- **EXERCISE GOAL**: Up to and including the line that holds "2023 Ford F-150 XL 10", copy every line of the records below exactly, starting at the first; leave pictures out.

- **Data excerpts**:
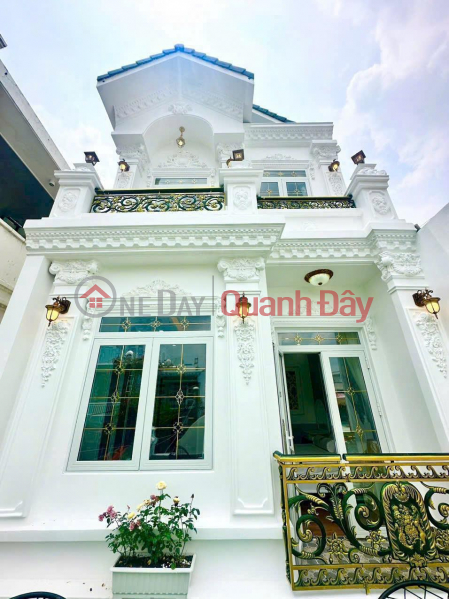 Magnificent townhouse, located on a car-accessible alley off Dao Tong Nguyen street, 5x19m, priced at just over 8 billion VND. Sales Listings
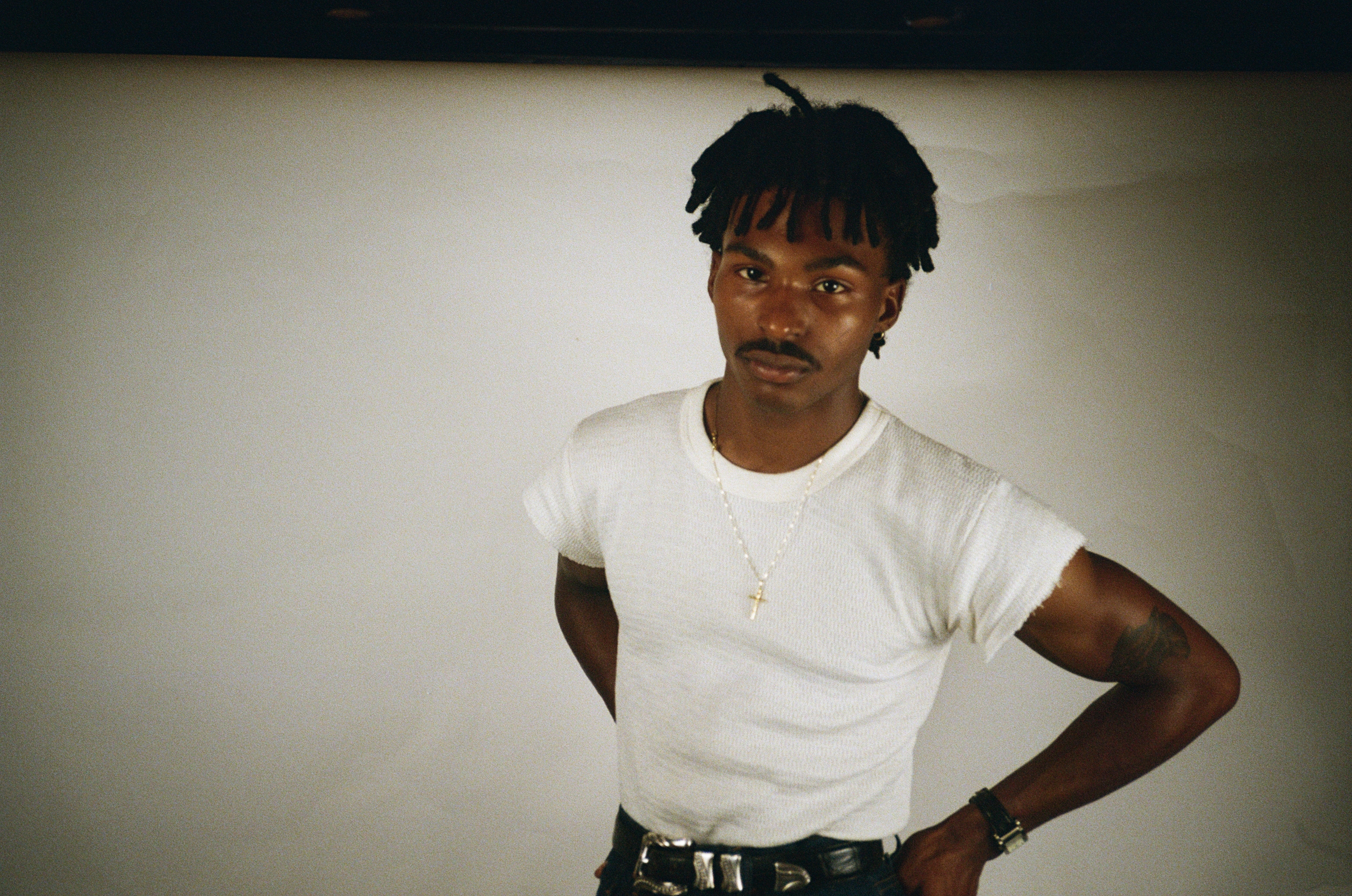 modelmarathon.tearyeyed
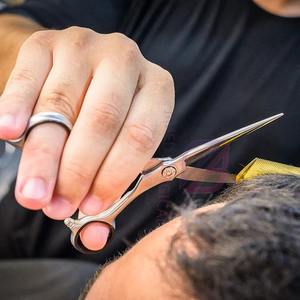 ชุดกรรไกรตัดผมมืออาชีพ 6 ชิ้น พร้อมใบมีดสแตนเลส สำหรับร้านเสริมสวย ช่างตัดผม และจัดแต่งทรงผม คุณภาพสูง - Product Image 2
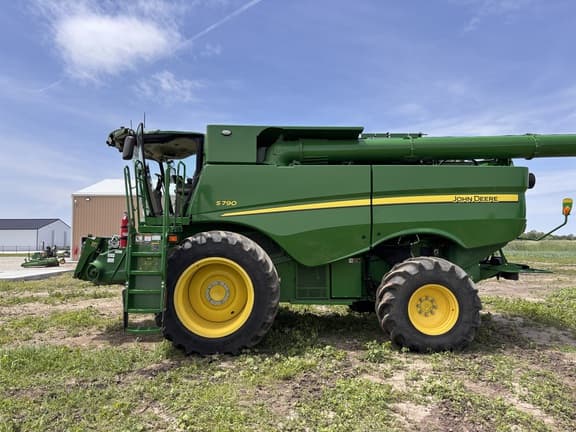 Image of John Deere S790 equipment image 3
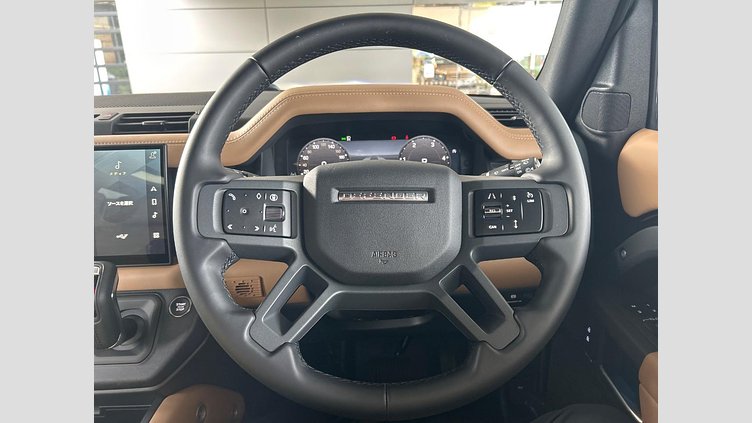 2025 認定中古車 Land Rover Defender 90 サントリーニブラック D350 ディーゼルマイルドハイブリッド X-Dynamic HSE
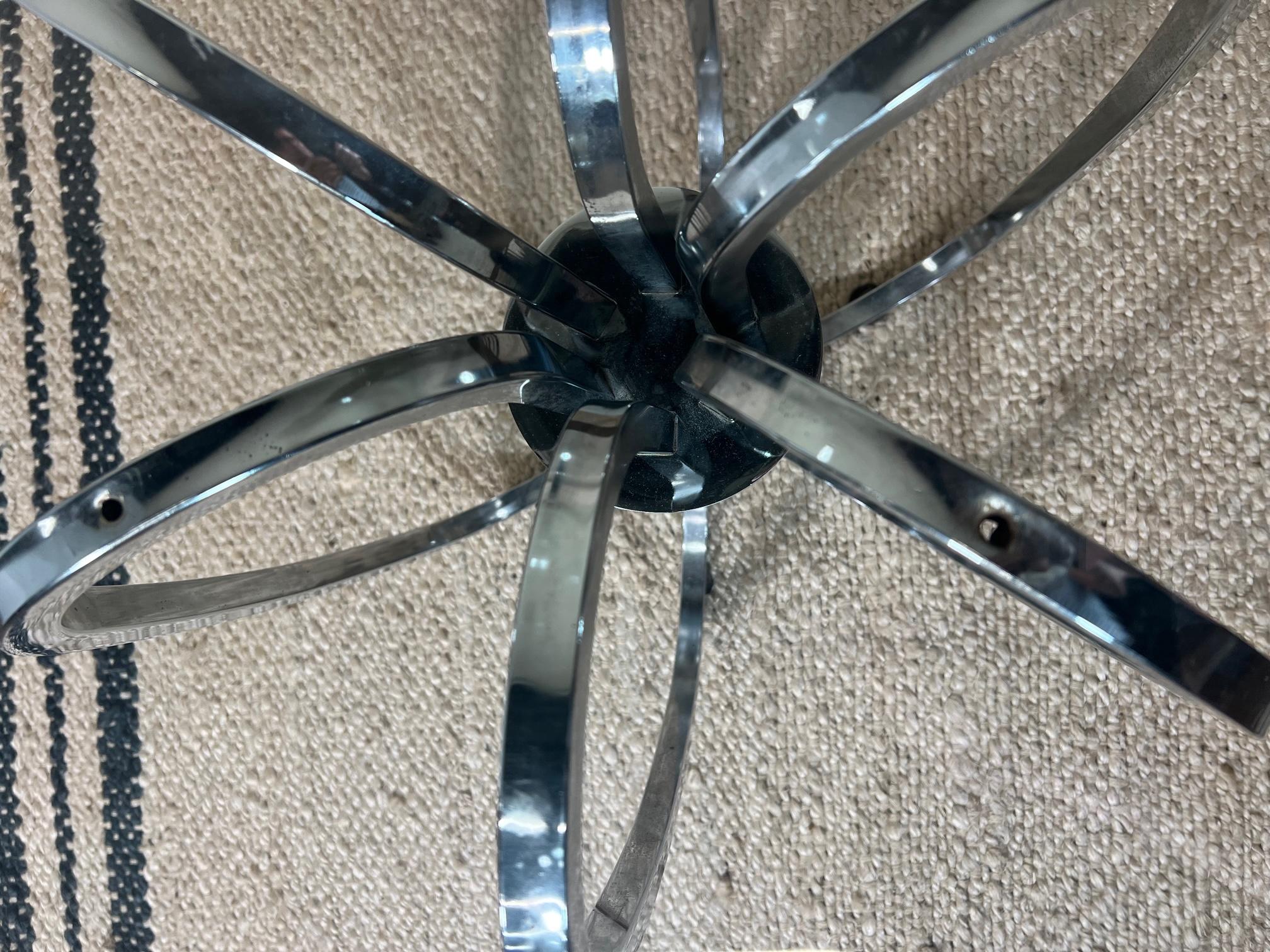 20th Century Mid Century Modern Milo Baughman Round Chrome And Glass Coffee Table For Sale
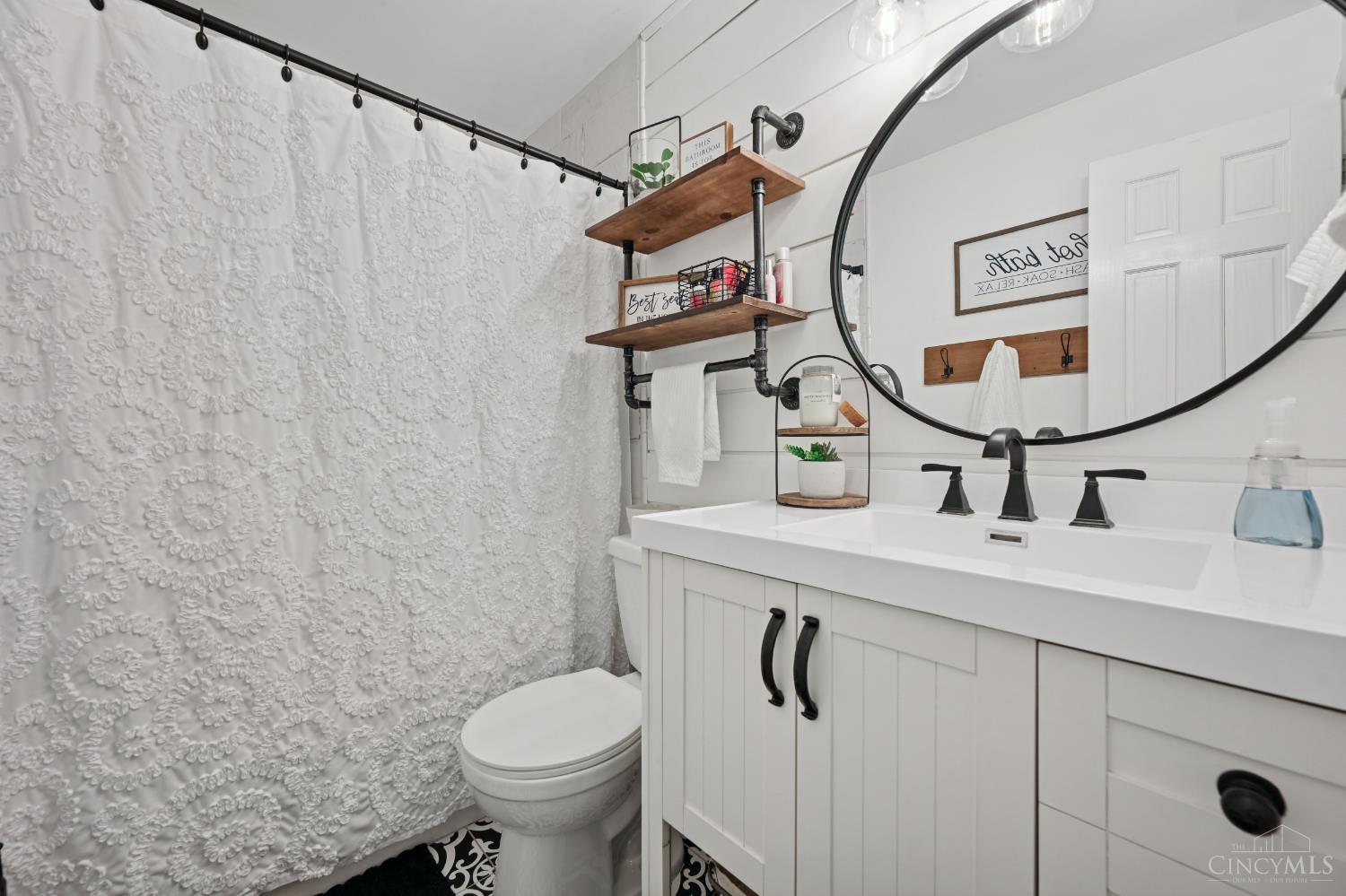 3855 Ridgecombe Drive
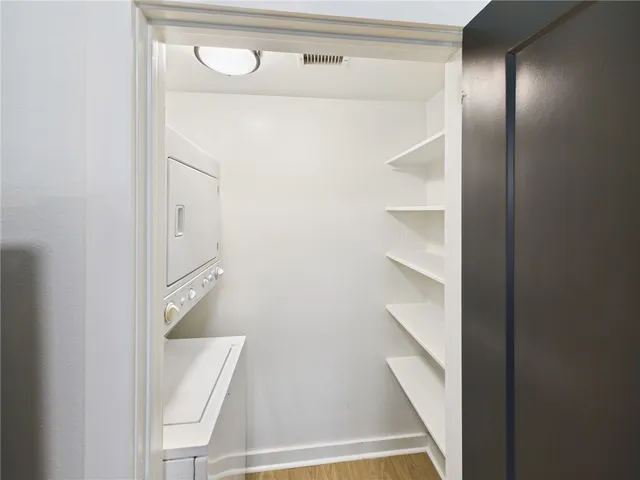 $895 | 309 Mobile Avenue, Unit 4, Bryan, TX 77801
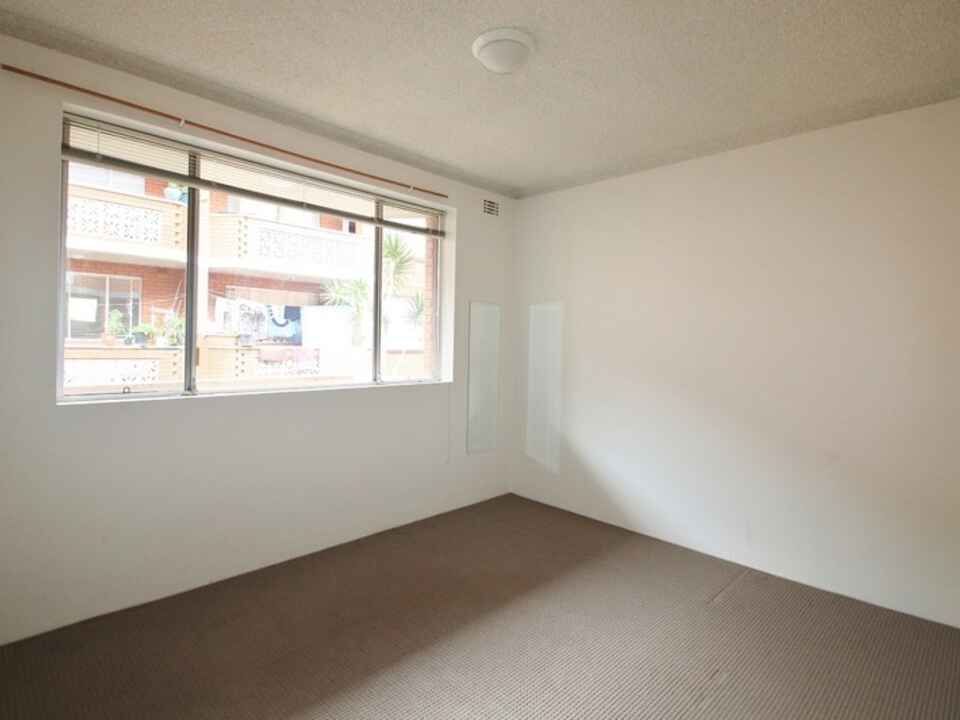 9/25A George Street Marrickville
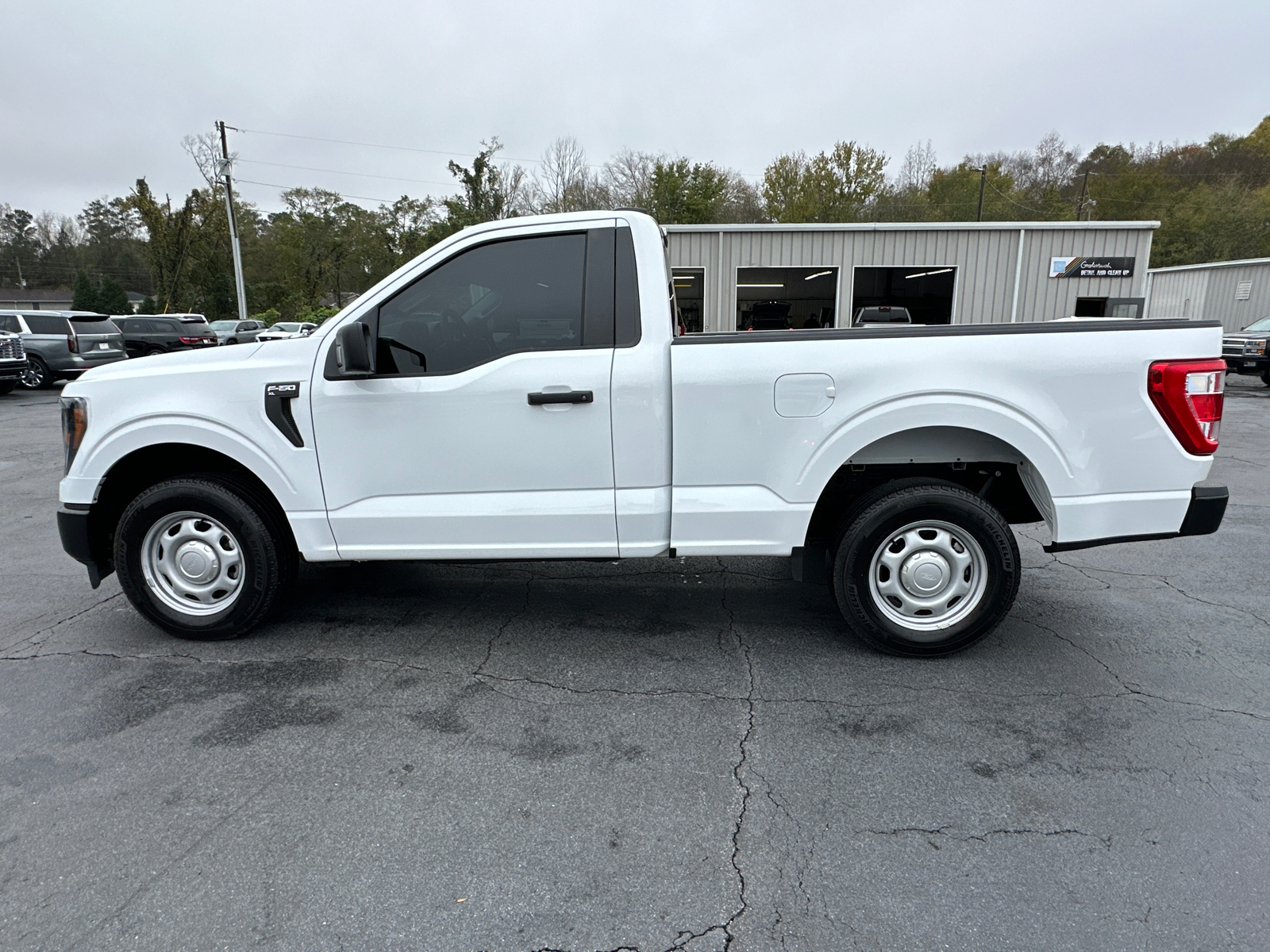 2023 Ford F-150 XL 10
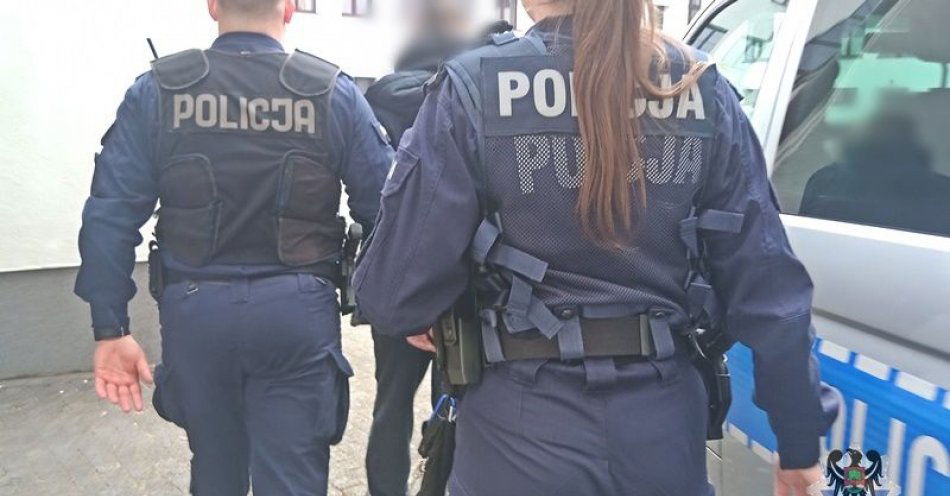 zdjęcie: Przez wiele lat ukrywał się za granicą, gdyż nie płacił alimentów na dzieci. Kiedy tylko wrócił do Polski, wpadł w ręce policjantów kryminalnych / fot. KMP w Wałbrzychu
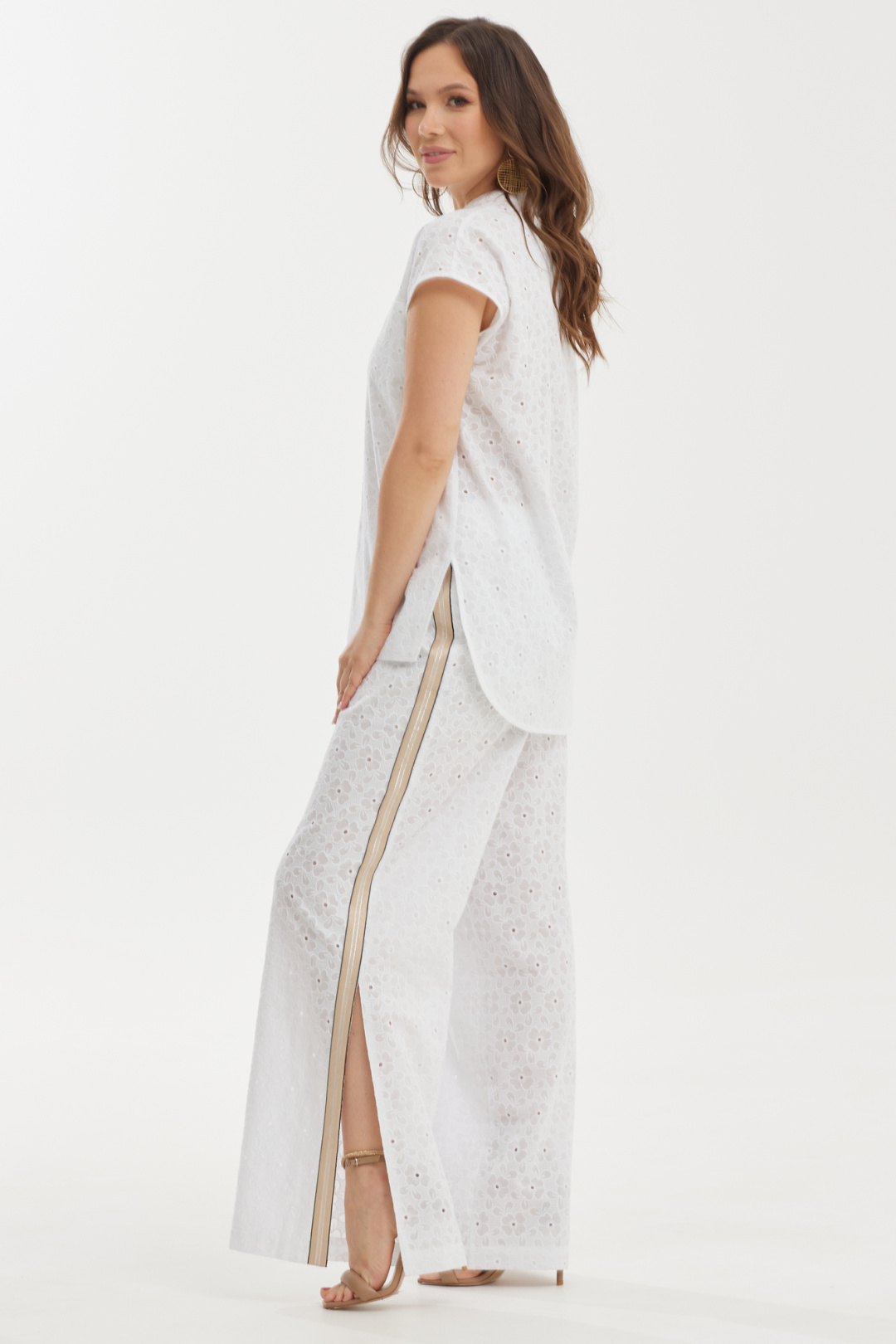 Костюм Магия Моды 2459 белый - фото 4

- **OUTPUT**:
 Magnificent townhouse, located on a car-accessible alley off Dao Tong Nguyen street, 5x19m, priced at just over 8 billion VND. Sales Listings
 modelmarathon.tearyeyed
 ชุดกรรไกรตัดผมมืออาชีพ 6 ชิ้น พร้อมใบมีดสแตนเลส สำหรับร้านเสริมสวย ช่างตัดผม และจัดแต่งทรงผม คุณภาพสูง - Product Image 2
 Image of John Deere S790 equipment image 3
 2025 認定中古車 Land Rover Defender 90 サントリーニブラック D350 ディーゼルマイルドハイブリッド X-Dynamic HSE
 20th Century Mid Century Modern Milo Baughman Round Chrome And Glass Coffee Table For Sale
 3855 Ridgecombe Drive
 $895 | 309 Mobile Avenue, Unit 4, Bryan, TX 77801
 9/25A George Street Marrickville
 2023 Ford F-150 XL 10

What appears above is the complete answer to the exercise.